The Best Ways to Stand Up to your Bully
- Just give him your lunch money. It is one of the easiest ways to stand up to your bully.
False analogy. This is the best way not to get beaten immediately.
Imagine thinking a platform wanting you to pay for the service they provide is “bullying”.
Christ you people are off the deep end.
You mean the content they provide made by creators who only make a living through Patreon and donations?
What absolute nonsense, over half of YouTube’s ad revenue goes to creators. The site itself is also phenomenally expensive to run.
I don’t care what it costs to run YouTube. All I hear from the creators is “Support us on Patreon because YouTube doesn’t pay” and they sure ain’t asking us to buy YouTube premium.
Even if YT gave all the money to the creators, ads are so cheap nowadays that it would need them approx 20.000 ad views just to pay a month of premium (and that’s assuming every cent goes to them) big creators and publishers sure make money out of ads, in the end they get millions of views. But a smaller creator thst works hours upon hours on a video is making probs less than minimum wage through ads. Ergo If they want to make money they need to rely on generous people.
Google ran Youtube at a loss for years to draw everyone in and now that there’s no real competition (yet), are tightening the screws. Very similar to how Walmart will sell stuff at a loss to bankrupt locally owned stores and then raise their prices.
Exploitive megacorporation can pound sand. It wasn’t a bad experience back when it was a single short ad before every video. Now I’ve had a wonderful ad free experience for years because of ad blockers. Why would I downgrade the experience and pay for it?

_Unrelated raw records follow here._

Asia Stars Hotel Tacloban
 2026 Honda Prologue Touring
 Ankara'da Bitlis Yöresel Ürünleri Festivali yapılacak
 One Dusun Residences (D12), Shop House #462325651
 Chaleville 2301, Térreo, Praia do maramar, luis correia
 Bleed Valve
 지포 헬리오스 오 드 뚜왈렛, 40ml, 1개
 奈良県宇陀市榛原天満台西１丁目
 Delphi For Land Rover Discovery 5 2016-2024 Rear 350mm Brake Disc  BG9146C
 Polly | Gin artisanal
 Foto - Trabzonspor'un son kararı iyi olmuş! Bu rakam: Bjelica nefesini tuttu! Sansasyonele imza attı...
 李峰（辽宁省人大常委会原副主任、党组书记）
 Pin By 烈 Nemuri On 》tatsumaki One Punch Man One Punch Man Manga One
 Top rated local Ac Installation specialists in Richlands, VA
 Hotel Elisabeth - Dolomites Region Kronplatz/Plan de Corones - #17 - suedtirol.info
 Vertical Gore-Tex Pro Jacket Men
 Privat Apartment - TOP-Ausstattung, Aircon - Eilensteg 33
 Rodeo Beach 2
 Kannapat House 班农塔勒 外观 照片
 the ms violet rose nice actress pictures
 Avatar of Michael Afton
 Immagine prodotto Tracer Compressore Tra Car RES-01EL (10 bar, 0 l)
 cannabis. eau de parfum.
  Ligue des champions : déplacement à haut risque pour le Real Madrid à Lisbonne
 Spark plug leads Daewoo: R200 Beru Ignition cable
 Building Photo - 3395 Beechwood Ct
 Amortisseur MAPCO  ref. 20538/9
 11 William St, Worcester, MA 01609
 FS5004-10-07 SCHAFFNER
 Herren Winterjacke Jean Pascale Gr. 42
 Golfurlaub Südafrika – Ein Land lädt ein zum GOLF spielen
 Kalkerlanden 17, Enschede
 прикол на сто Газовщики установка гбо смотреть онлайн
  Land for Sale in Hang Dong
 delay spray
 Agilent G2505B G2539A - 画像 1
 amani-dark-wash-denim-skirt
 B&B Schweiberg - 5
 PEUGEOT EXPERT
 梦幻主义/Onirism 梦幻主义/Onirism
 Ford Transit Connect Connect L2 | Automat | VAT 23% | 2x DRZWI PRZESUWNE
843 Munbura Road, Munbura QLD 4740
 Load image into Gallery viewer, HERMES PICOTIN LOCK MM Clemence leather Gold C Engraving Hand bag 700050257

You can pay for things you want. That’s fine.
Google is attempting to remove the freedom of viewing HTML the way I want to view it from my own devices. While they’re free to run their website the way they want to, the principle of attempting to remove your freedom of choice is not only a bad look, but violating.
These two things are different, and one does not negate the validity of the other.
I am sorry but that argument simply doesn’t make an awful lot of sense to me. Unless I am missing a facet, you are saying that your autonomy outstrips their rights? If we were to make an analogue version of that argument would your autonomy to use your hands how you see fit, allow for you to walk into a shop and take something without paying? It seems like, unless I’ve missed something, that’s the analogy.
Commerce and indeed society has always been a balance of personal autonomy and rules, with YouTube you’re going to a website and circumventing their chosen rules. I might not agree with YouTube’s methods, but I don’t think I can get behind the argument they are impinging on your technical rights any more than Tesco does if you try to half-inch a chocolate bar.
You’re getting my two points mixed up.
For my first point, paying, let’s say you subscribe to a newspaper. You pay a monthly fee, and the newspaper comes to your house. Nothing special.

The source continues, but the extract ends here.